Elle raconta comment et il parut satisfait que le brigadier et elle aient eu la bonne idée de photographier les corps de haut. Plus tard on lui dit qu’elle pouvait disposer de son temps, mais Jonas Savane ne paraissait pas prêt à la raccompagner à Mouthoumet. Elle rejoignit la route dans l’espoir de trouver une voiture en s’éloignant des tombereaux qui empestaient. Les conducteurs de ceux déjà remplis de quartiers ne savaient encore où ils devaient se rendre. C’étaient tous des habitants du canton réquisitionnés par le préfet et qui rageaient de perdre leur journée, sans parler de ce sang et de ces saletés qui gâtaient leur voiture. Il faudrait les brosser à grande eau pour les nettoyer et en chasser l’odeur. L’un d’eux disait qu’il pousserait le sien dans un gour du ruisseau le Sou, l’immergerait pendant un jour entier avant de l’en retirer.
Elle pensait demander à Savane de lui prêter sa charrette, lui pouvant rentrer avec le Parquet, lorsqu’elle vit un char à banc qui descendait du col de Redoulade. Le conducteur en était un curé qui retenait d’une main son grand chapeau et essayait de l’autre de freiner sa mule qui s’emballait dans la pente. Lorsqu’elle reconnut l’abbé Reynaud de Cubières elle lui fit signe, mais voyant qu’il ne parvenait pas à maîtriser son animal elle courut le long du char lui criant de serrer la mécanique. Lorsque les sabots de bois bloquèrent les roues, la mule fut bien forcée de s’arrêter mais furieuse donna des ruades contre la planche protégeant le siège de conduite.
— Ah, celle-là m’en fait-elle voir depuis Cubières ! Bonjour madame Terrasson. Vous êtes encore sur les lieux de cette abomination ?
Elle découvrait tapie, assise à même le plancher, Cécile Bourgeau qui le doigt sur la bouche la suppliait de ne pas trahir sa présence. Et l’abbé bien ennuyé par cette volonté de se dissimuler soupira :
— Madame Bourgeau ne veut pas que les gendarmes la voient. Nous allons jusqu’à Auriac. Pouvons-nous vous emmener quelque part ?
— Ce serait Mouthoumet bien au-delà de votre route.
— Montez, supplia Cécile, montez. Vous trouverez bien quelqu’un à Auriac. Je veux que vous entriez avec nous dans ma maison, que vous voyiez ce qu’ils m’ont fait.
Le curé levait les yeux au ciel, devait savoir ce que cette pauvre femme terrorisée d'apparence, voulait dire.
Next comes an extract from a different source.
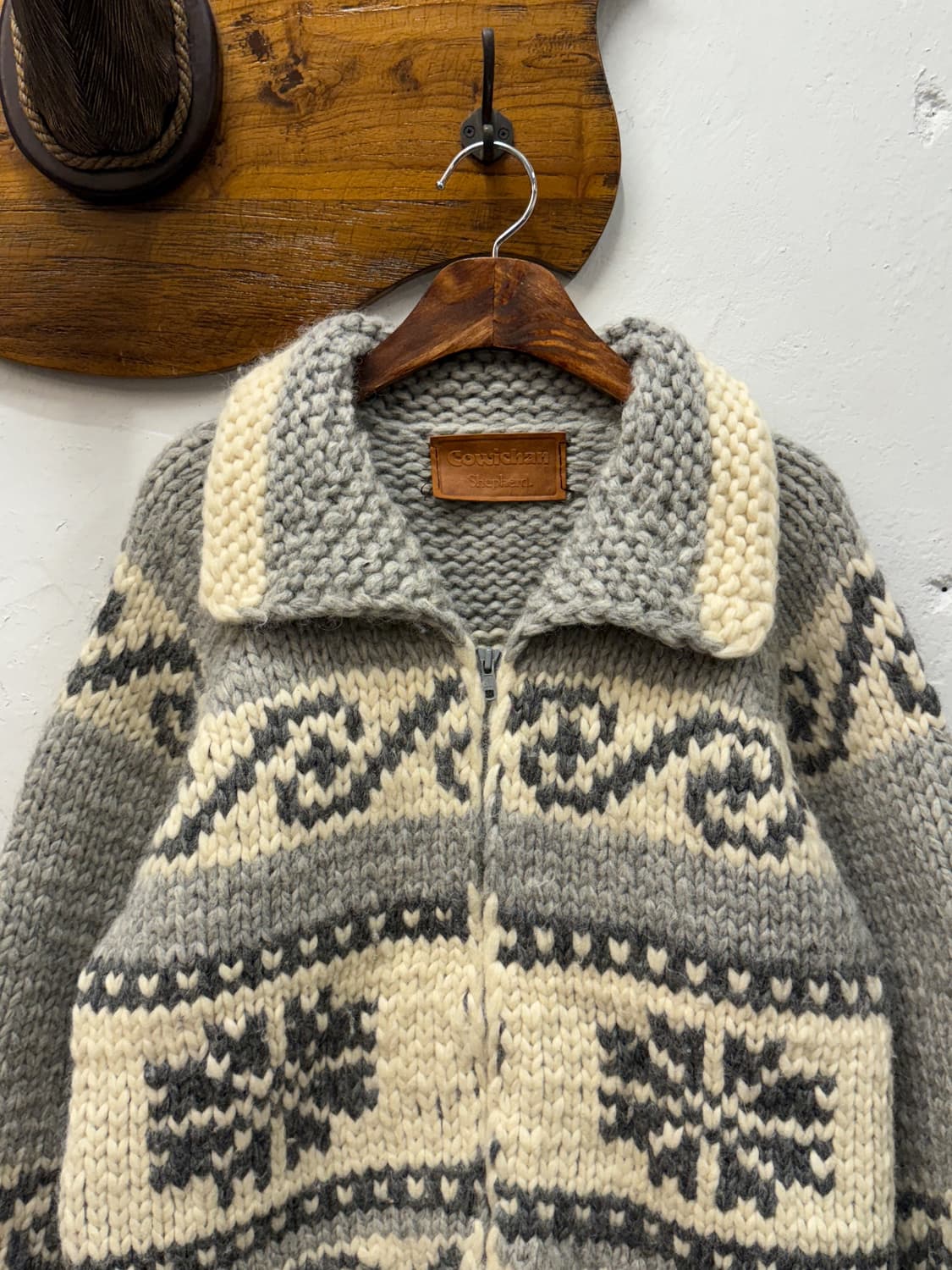 66) Cowichan Shepherd Wool Zip Knit Jack 상품이미지1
Zélie sans réfléchir s’installa à côté du prêtre et celui-ci essaya de faire repartir la mule, oubliant qu’il avait coincé la mécanique. Zélie tourna la manivelle mais la mule rechignait encore. Elle se pencha et lui tira vigoureusement la queue à deux mains. L’animal se décida enfin.
— Vous comprenez, gémissait Cécile, toujours cachée dans le coin de la voiture, je me suis enfuie de la maison. Il y avait des choses… des traces… Ils m’ont tout cassé. Éventré les matelas. Arrêté la pendule. C’est des démons. Parce qu’ils ont été assassinés, ils se permettent n’importe quoi, mais il y avait quelqu’un avec eux avec une main sans l’annulaire.
Dans ce fatras de paroles hachées, désordonnées, Zélie ne savait que repêcher, regardait le curé qui avait un sourire résigné. Il ne s’était pas rasé de la journée, avait dû courir Cubières pour se faire prêter cet attelage, l’un fournissant le char à banc, l’autre la mule en prévenant qu’elle n’était pas commode. Il s’en était rendu compte. Ils roulaient depuis des heures et dans Redoulade elle avait fait des siennes.
— Monsieur le Curé va bénir chaque pièce pour que je puisse enfin y préparer en paix mes affaires. Je ne resterai que quelques jours à Auriac, je rentre à Cubières.
— Mais l’enterrement ? se scandalisa Zélie, qui n’aurait peut-être jamais la consolation de suivre celui de Jean.
— Ils se débrouilleront, je laisse la maison comme je l’ai trouvée et bonsoir les Bourgeau et les vaches et tout le bazar. J’ai la maison de mes parents et je m’en contenterai comme il faut.
— Vous ne pourrez constamment fuir les gendarmes, et en ce moment il y a le Parquet, c’est-à-dire le juge et le procureur à la bergerie. Eux aussi voudront vous entendre, lui dit Zélie agacée.